==== Data supplied
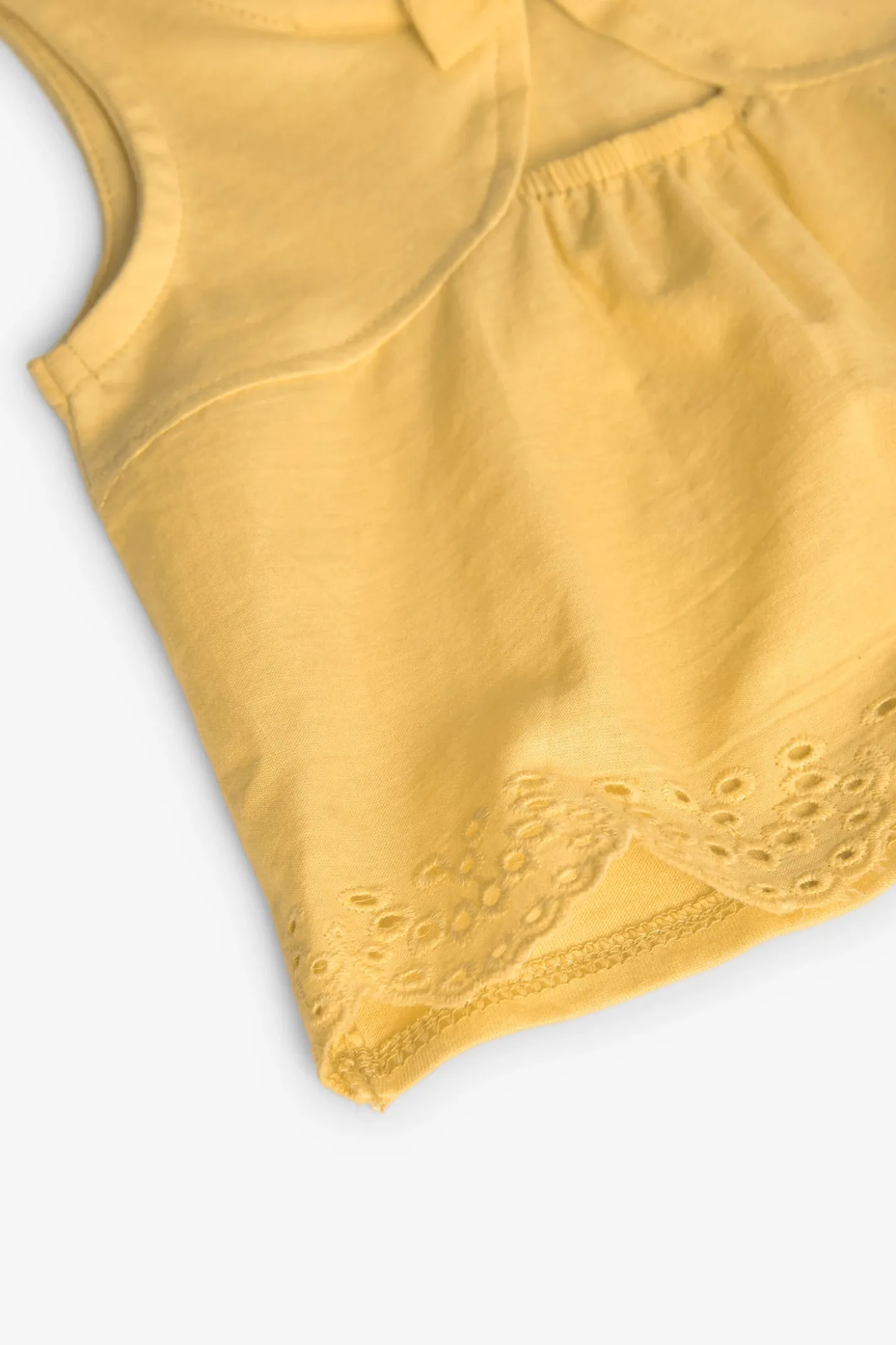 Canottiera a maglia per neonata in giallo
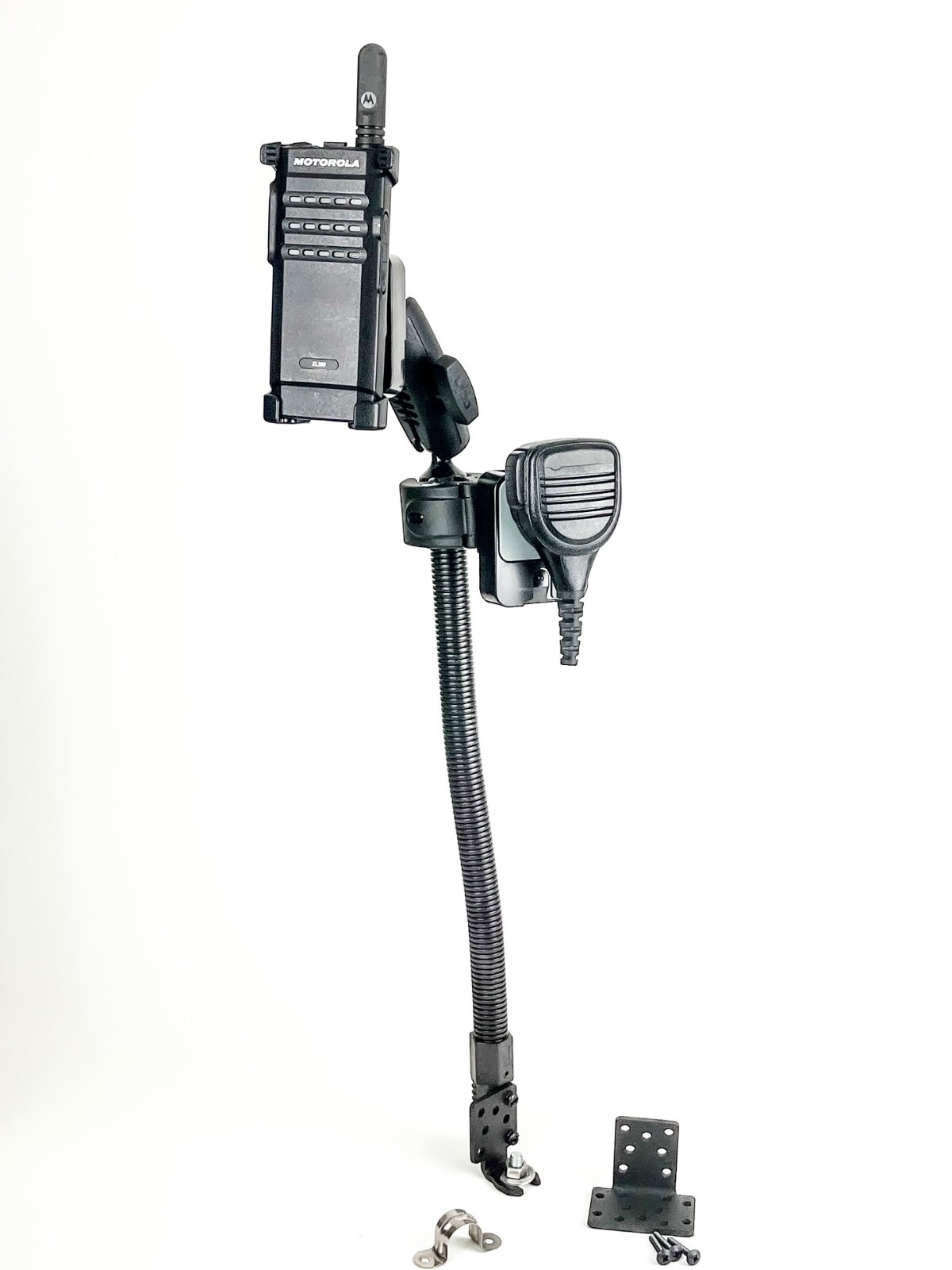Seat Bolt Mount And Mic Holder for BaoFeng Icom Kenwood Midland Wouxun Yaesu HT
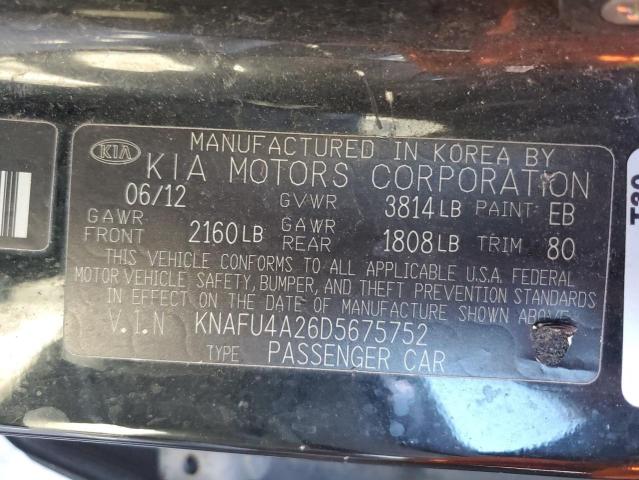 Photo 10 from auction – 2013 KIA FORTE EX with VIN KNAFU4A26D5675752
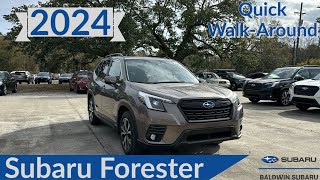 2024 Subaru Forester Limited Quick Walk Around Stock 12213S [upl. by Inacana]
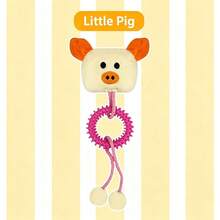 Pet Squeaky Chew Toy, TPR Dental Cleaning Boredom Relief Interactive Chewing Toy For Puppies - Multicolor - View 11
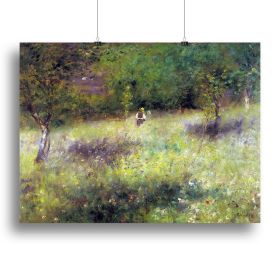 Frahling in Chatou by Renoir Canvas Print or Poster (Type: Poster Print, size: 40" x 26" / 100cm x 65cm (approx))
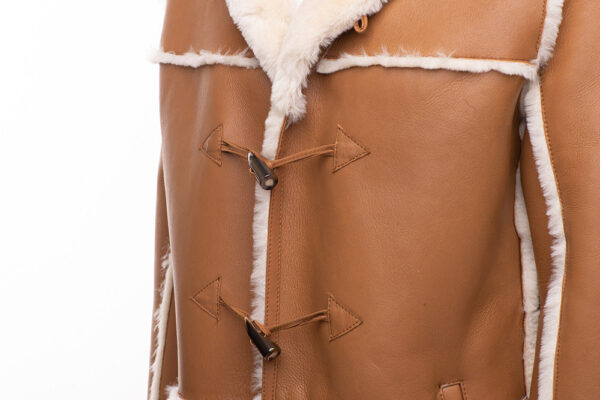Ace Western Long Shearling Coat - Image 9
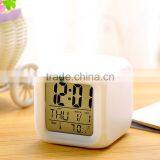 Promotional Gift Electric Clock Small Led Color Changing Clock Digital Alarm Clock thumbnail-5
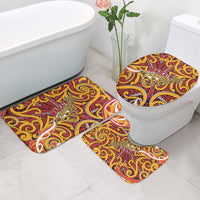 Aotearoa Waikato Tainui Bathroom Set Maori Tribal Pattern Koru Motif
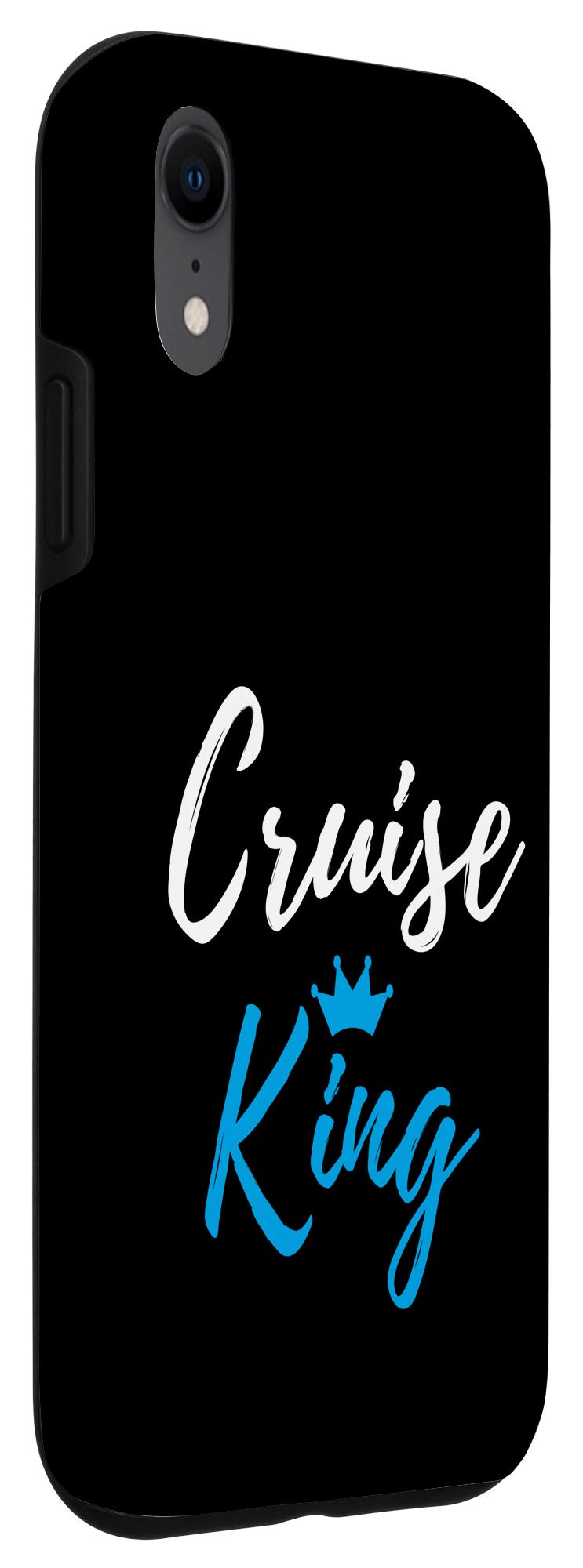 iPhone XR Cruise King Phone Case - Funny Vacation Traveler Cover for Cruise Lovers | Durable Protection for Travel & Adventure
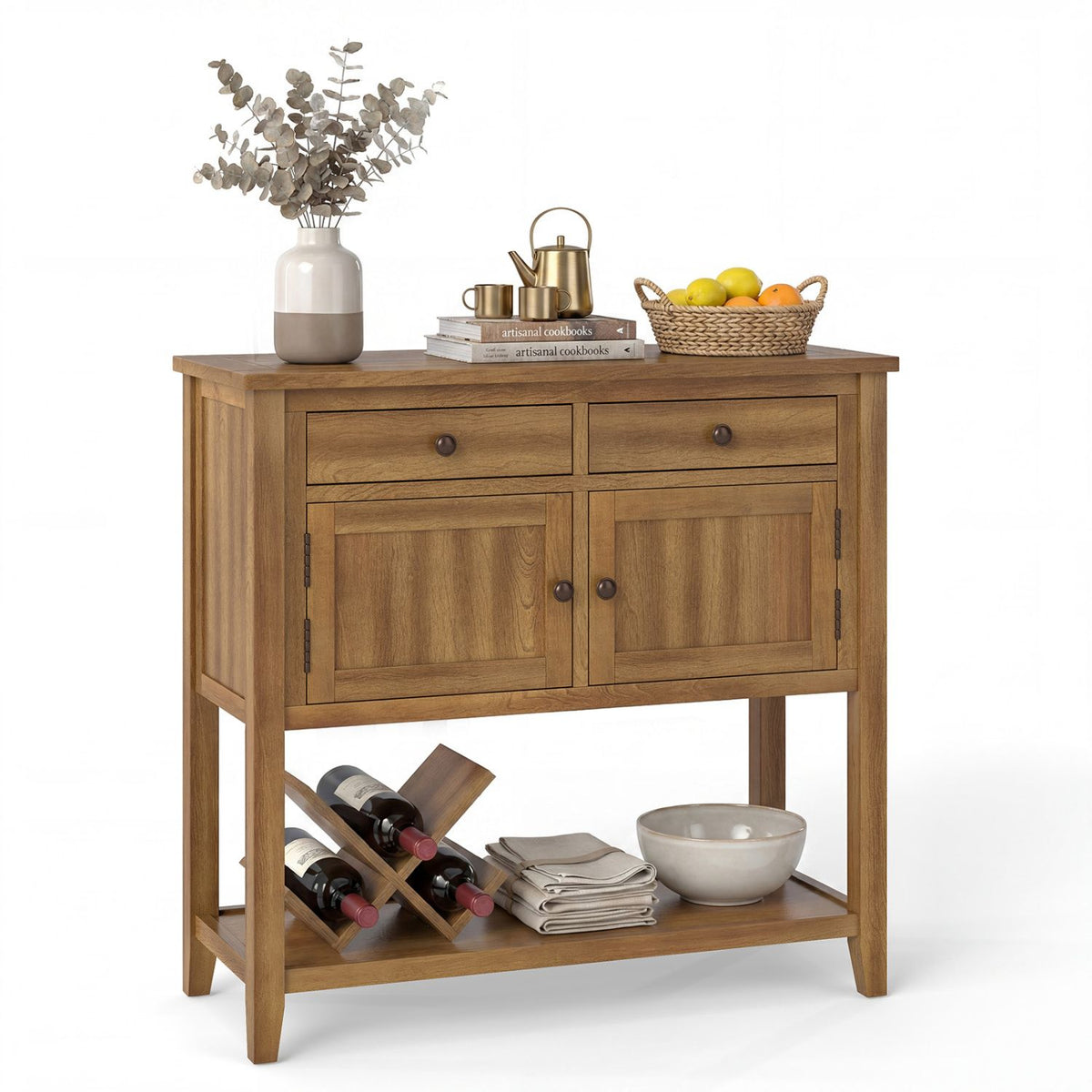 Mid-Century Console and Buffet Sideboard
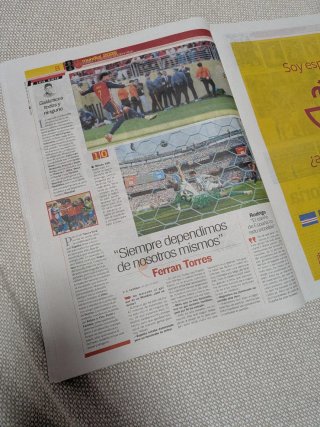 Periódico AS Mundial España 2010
========
[Task] Your answer must be the lines from the one containing "Photo 10 from" through the last line of the records, printed exactly with no pictures; please include both ends.

[Task output]
 Photo 10 from auction – 2013 KIA FORTE EX with VIN KNAFU4A26D5675752
 2024 Subaru Forester Limited Quick Walk Around Stock 12213S [upl. by Inacana]
 Pet Squeaky Chew Toy, TPR Dental Cleaning Boredom Relief Interactive Chewing Toy For Puppies - Multicolor - View 11
 Frahling in Chatou by Renoir Canvas Print or Poster (Type: Poster Print, size: 40" x 26" / 100cm x 65cm (approx))
Ace Western Long Shearling Coat - Image 9
 Promotional Gift Electric Clock Small Led Color Changing Clock Digital Alarm Clock thumbnail-5
 Aotearoa Waikato Tainui Bathroom Set Maori Tribal Pattern Koru Motif
 iPhone XR Cruise King Phone Case - Funny Vacation Traveler Cover for Cruise Lovers | Durable Protection for Travel & Adventure
 Mid-Century Console and Buffet Sideboard
 Periódico AS Mundial España 2010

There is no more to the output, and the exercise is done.